Four experimental teams, EROS, MACHO, OGLE and DUO are now searching for halo objects using the stars in the Large Magellanic Cloud (LMC), a satellite galaxy of the Milky Way, as the back-drop against which the halo objects move. The basic idea is illustrated in the figure below.

Figure 1.

Light from a star (the yellow dot in the
figure) in the LMC is deflected, indeed focused, by a passing
halo object (the brown dot). These objects act as **gravitational
lenses**. In principle, by measuring the distribution and
rate of microlensing events we could learn something about the
nature and distribution of these halo objects. In practice, this
is very difficult because the accidental line-ups occur
infrequently. The EROS collaboration, for example, has measured a
microlensing rate of only 7.3 x 10^{-7} events/star/year
(astro-ph/9511073). So, if you looked at about 10 million stars
continuously for one year you might expect to detect only one or
two microlensing events! Clearly, this research is very
challenging. The EROS team is able to monitor about 4 million
stars, simultaneously. In a period of three years they found two
events that can be interpreted as microlensing events. The MACHO
team has found several possible microlensing candidates.

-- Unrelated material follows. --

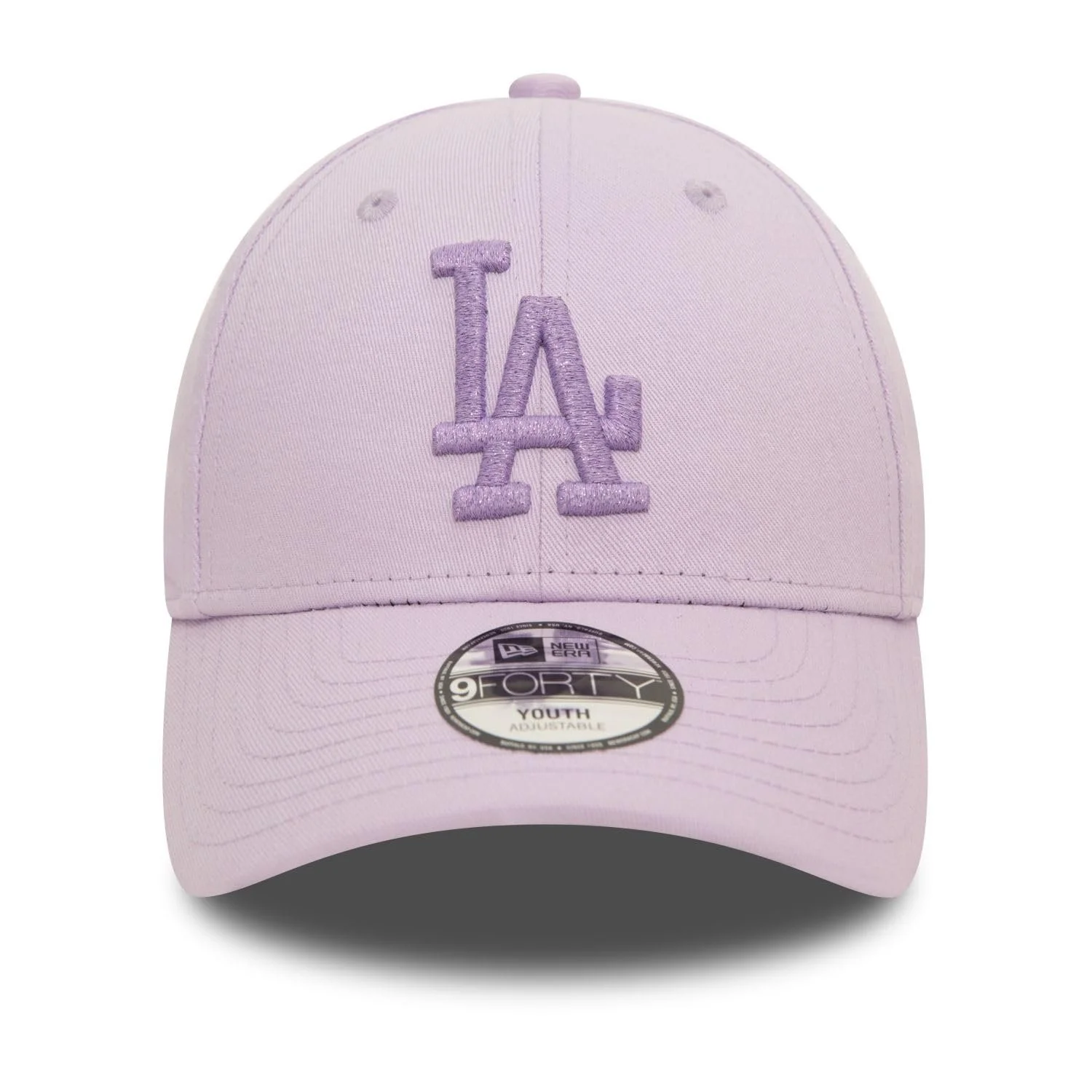 Кепка New Era 9Forty детская Metallic Los Angeles Dodgers, фото №2 Кепка New Era 9Forty детская Metallic Los Angeles Dodgers, фото №2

Many stars are known to brighten and dim; some
in a regular and repeating pattern, while others do so
irregularly. These are the variable stars. The brightness versus
time of a stellar object is called its **light curve**.
With so many variable stellar objects in the sky how can we
possibly distinguish the light curve of microlensing events from
that of, say, variable stars?

The answer is that general relativity predicts
a precise form for the light curve of a microlensed star. This
light curve may even be unique. Also, microlensing events are
singular events: a star appears to brighten then dim, and this
sequence is not repeated. Another interesting signature of
microlensing is that the effect is** achromatic**:
that is, it does not depend on the color of the light (provided
the source and lens are compact). Therefore, if you look at a
star through two filters, usually blue and red, the blue and red
light curves should be identical. We know of no stellar
phenomena, other than microlensing, which would produce such
behaviour. Here is the light curve of one of the possible
microlensing events found by the MACHO team.

Figure 2.

Notice the perfectly symmetrical nature of the light curves and the fact that the red and blue light curves are indeed the same. This is very convincing evidence that this is, in fact, the light curve of a microlensing event.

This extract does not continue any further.